The New York Times covered the issue raised by the prosecution of Brooklyn man Andre Robinson, 22, whose trial for misdemeanor animal cruelty is scheduled to begin on Wednesday. Robinson was charged after he was shown in a YouTube video kicking a cat up and over a small fence. Prosecutors have not offered a plea bargain and animal-rights activists are calling for jail time.

“Had it been a person he kicked,” the Times says, Robinson “most likely would have received a quick plea bargain requiring no jail time—if, that is, he had even been arrested.”

Robinson spoke with the New York Daily News last week in an impromptu interview in a courthouse hallway, despite his lawyer’s advice to keep quiet. Robinson told the newspaper the cat was apparently interested in Chinese food he was carrying and the animal was bothering him. “I was trying to shoo it away,” Robinson said, “but it didn’t go away.
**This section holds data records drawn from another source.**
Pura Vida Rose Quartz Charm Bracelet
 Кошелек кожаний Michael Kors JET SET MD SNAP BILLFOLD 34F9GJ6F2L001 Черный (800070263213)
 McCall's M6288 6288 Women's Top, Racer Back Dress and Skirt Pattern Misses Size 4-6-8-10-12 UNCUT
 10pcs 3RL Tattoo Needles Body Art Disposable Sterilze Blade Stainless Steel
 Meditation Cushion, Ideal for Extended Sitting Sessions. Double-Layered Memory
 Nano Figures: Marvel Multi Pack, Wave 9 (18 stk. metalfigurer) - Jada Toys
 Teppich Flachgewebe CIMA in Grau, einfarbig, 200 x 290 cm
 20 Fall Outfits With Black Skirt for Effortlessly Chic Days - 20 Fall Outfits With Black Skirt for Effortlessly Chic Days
I figured if I kicked it, it would go away.” He added that the cat appeared fine after the kick and it has since been adopted.

Meanwhile, prosecutors and law enforcement agencies are ramping up their focus on animal cruelty, the Times says. The FBI plans to track animal abuse as a separate crime, and in New York City, police have formed an Animal Cruelty Investigation Squad. Brooklyn District Attorney Kenneth Thompson, whose office is prosecuting Robinson, said his new administration is “going to take these cases seriously.”

Animal rights activists say animal cruelty prosecutions are up nationwide. The get-tough attitude is justified, they say, given the link between animal cruelty and domestic violence.

Theodore Simon, president of the National Association of Criminal Defense Lawyers, counters that individuals should not be punished for potential future misconduct. “To do so would be to punish a person for a ‘crime’ that has not occurred and was not committed,” he told the Times.